▶ **Instructions to follow**:
Each record below is to be retyped exactly, with its pictures omitted.

(Collected data entries)

*** Begin section ***

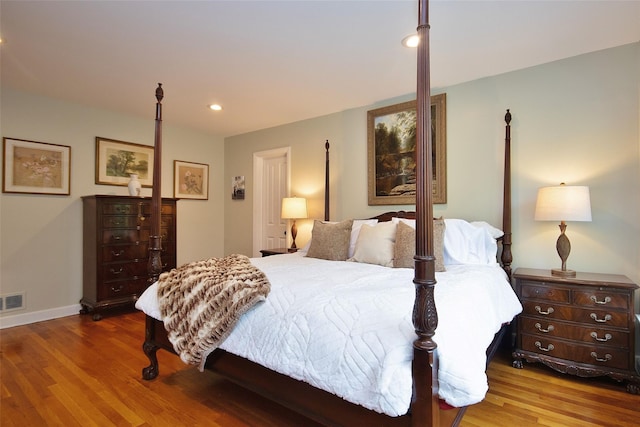 4 Southview Rd, Chappaqua, NY 10514 - bedroom with wood finished floors, baseboards, and recessed lighting
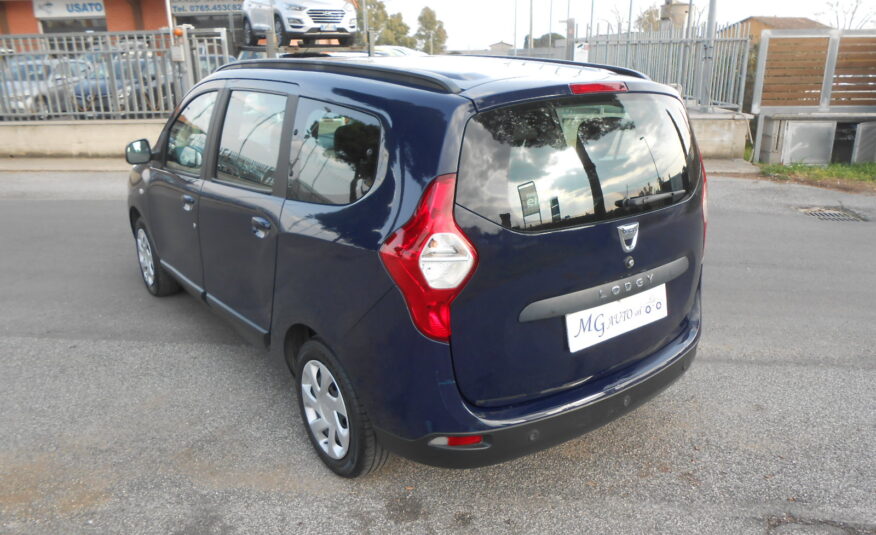 DACIA LODGY 1.5 DCI LAUREATE 90 CV 7 POSTI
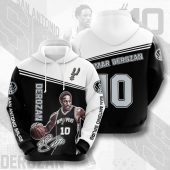 NBA San Antonio Spurs DeMar DeRozan Pullover Hoodie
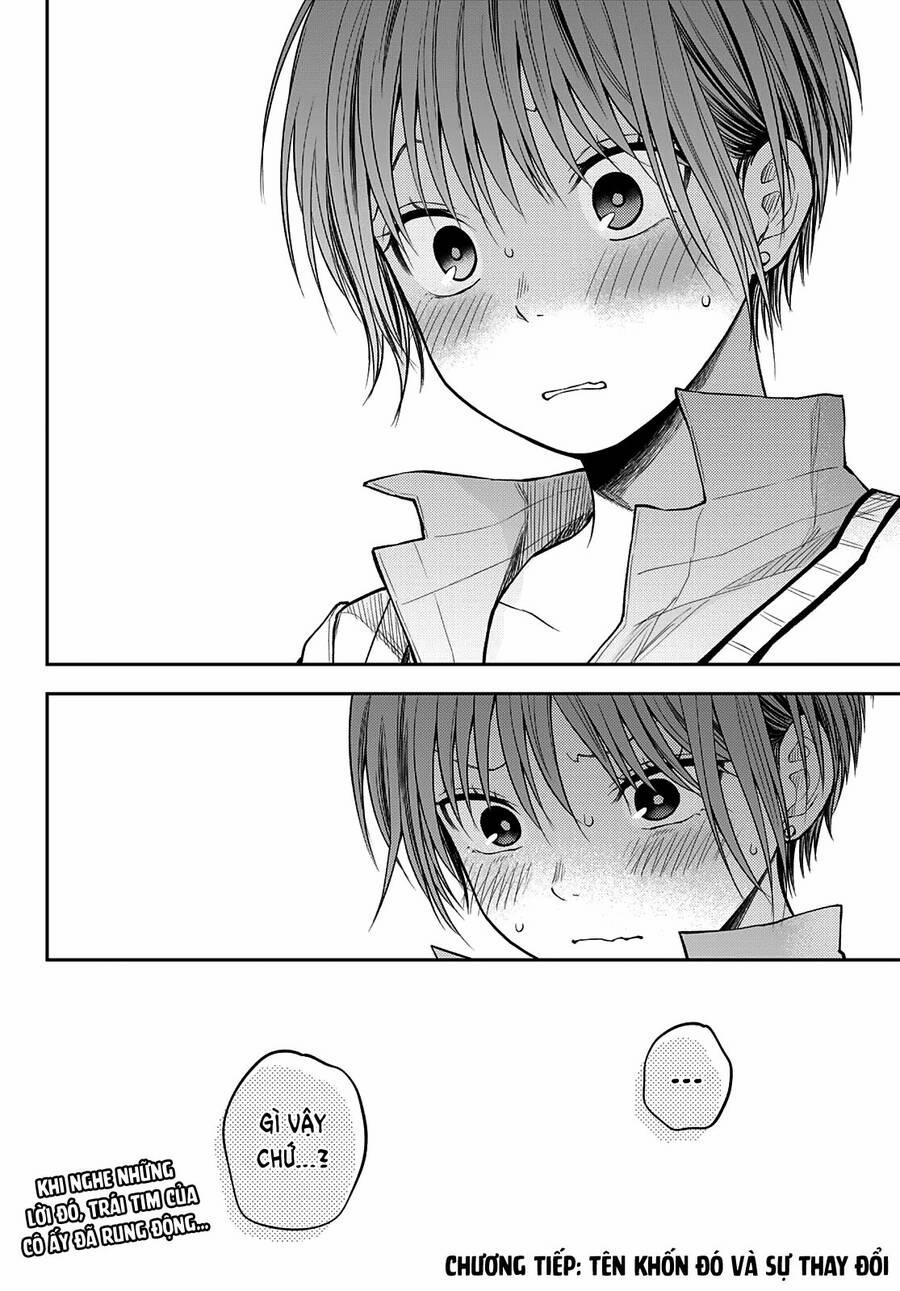 Kuroiwa Medaka Ni Watashi No Kawaii Ga Tsuujinai 68 trang 14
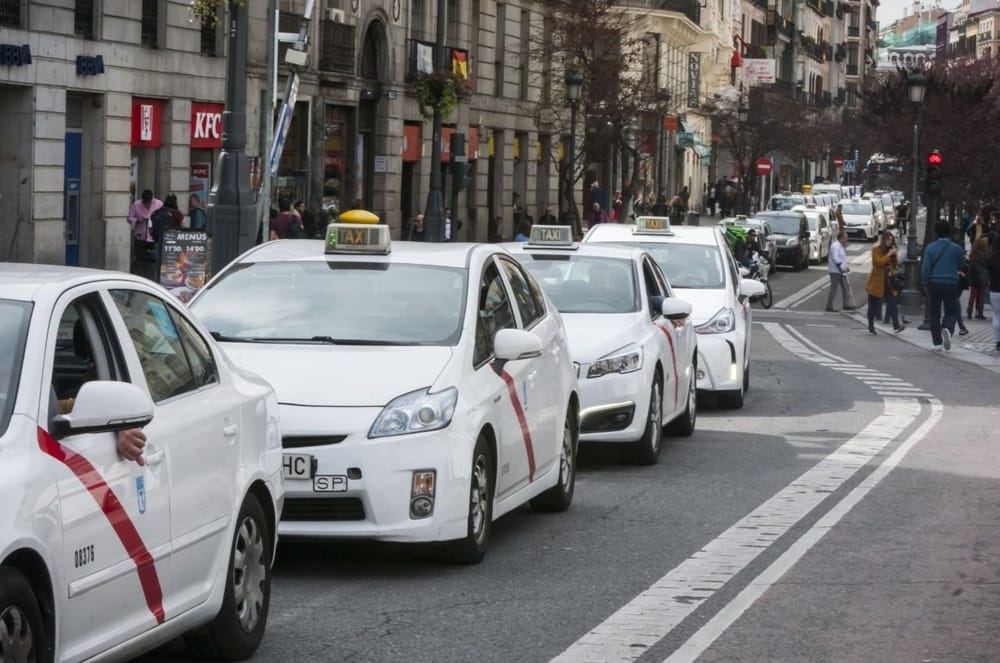 Estafa del taxi Madrid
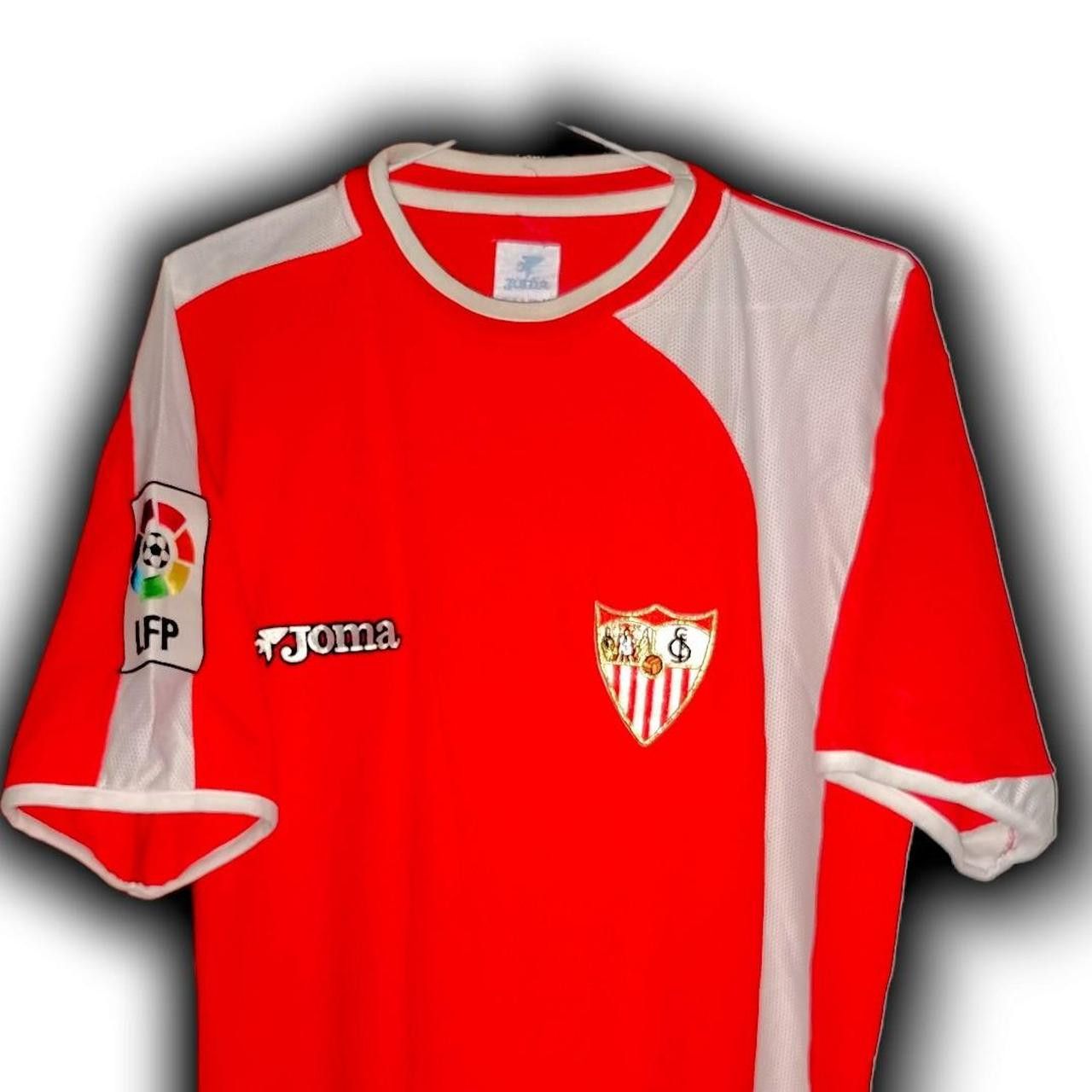 Adidas Fc Seville Sevilla 2004 2005 Away Shirt Jersey Joma Size US M / EU 48-50 / 2 - 1 Thumbnail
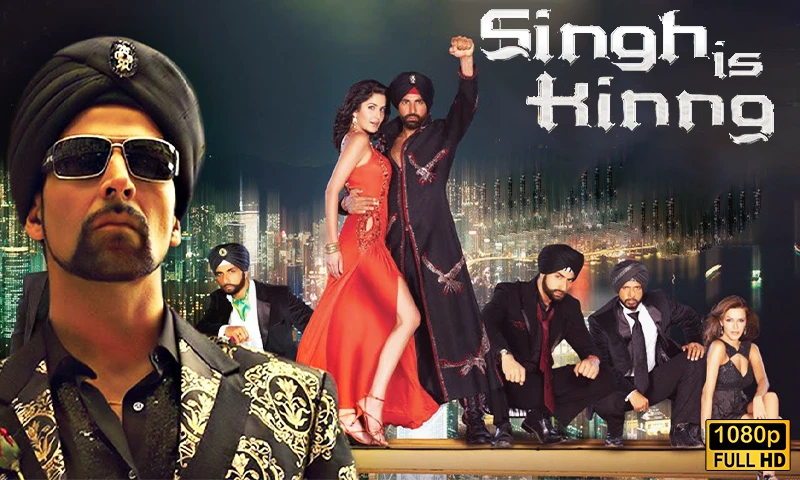 singh is kinng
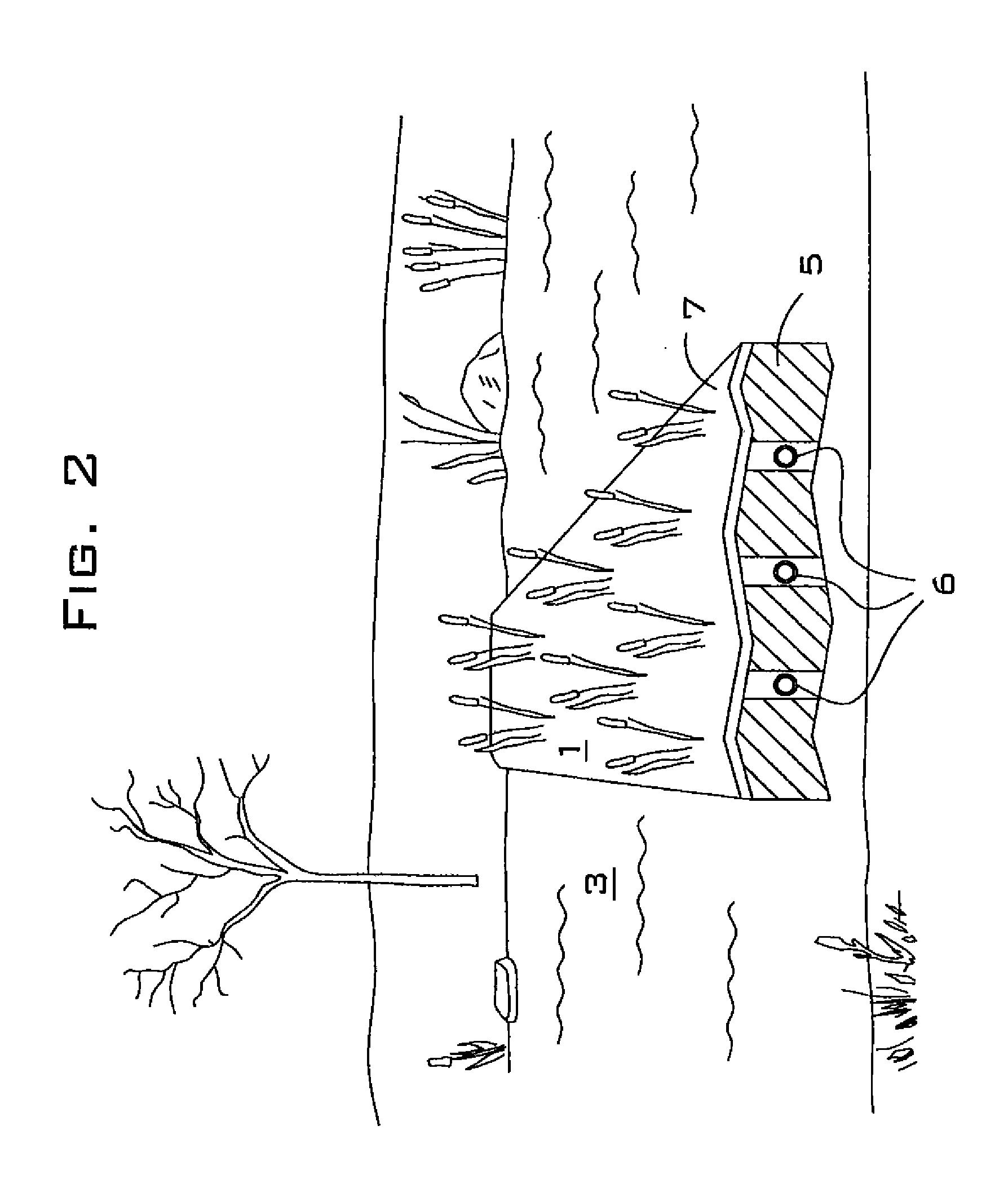 Highly buoyant and semi-rigid floating islands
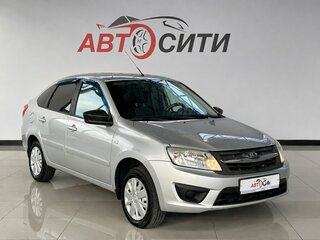 2017 Lada (ВАЗ) Granta I, серебристый, 550000 рублей, вид 3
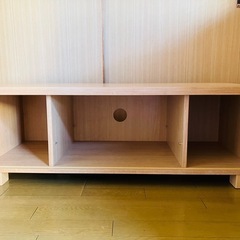 きれいなテレビ台 の画像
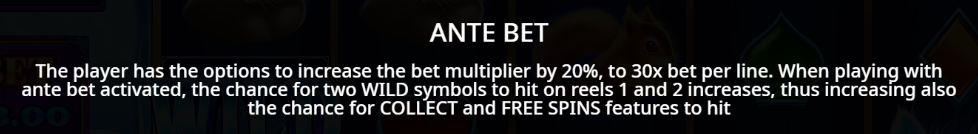 Ante Bet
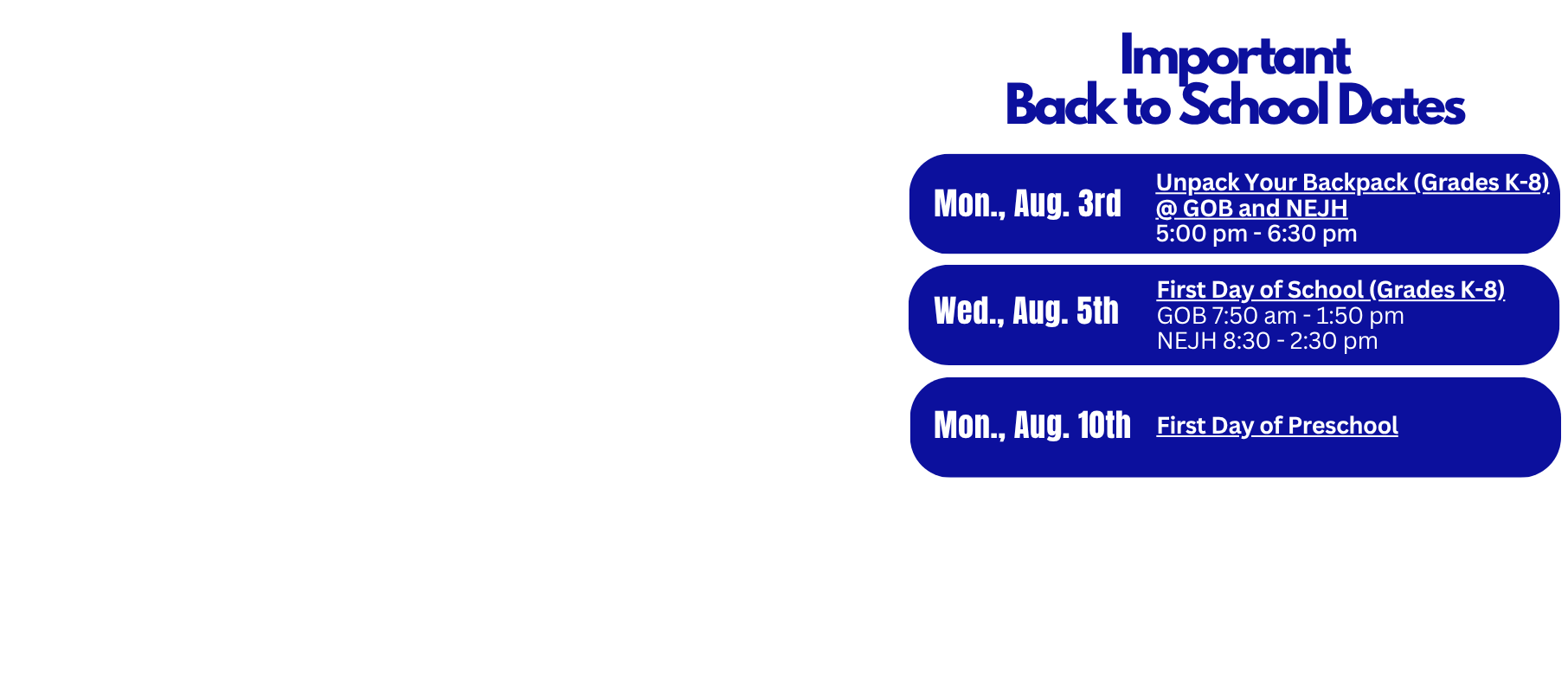 Registration Information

*** End section ***

▶ **Solution below**:
 4 Southview Rd, Chappaqua, NY 10514 - bedroom with wood finished floors, baseboards, and recessed lighting
 DACIA LODGY 1.5 DCI LAUREATE 90 CV 7 POSTI
 NBA San Antonio Spurs DeMar DeRozan Pullover Hoodie
 Kuroiwa Medaka Ni Watashi No Kawaii Ga Tsuujinai 68 trang 14
 Estafa del taxi Madrid
 Adidas Fc Seville Sevilla 2004 2005 Away Shirt Jersey Joma Size US M / EU 48-50 / 2 - 1 Thumbnail
 singh is kinng
 Highly buoyant and semi-rigid floating islands
 2017 Lada (ВАЗ) Granta I, серебристый, 550000 рублей, вид 3
 きれいなテレビ台 の画像
 Ante Bet
 Registration Information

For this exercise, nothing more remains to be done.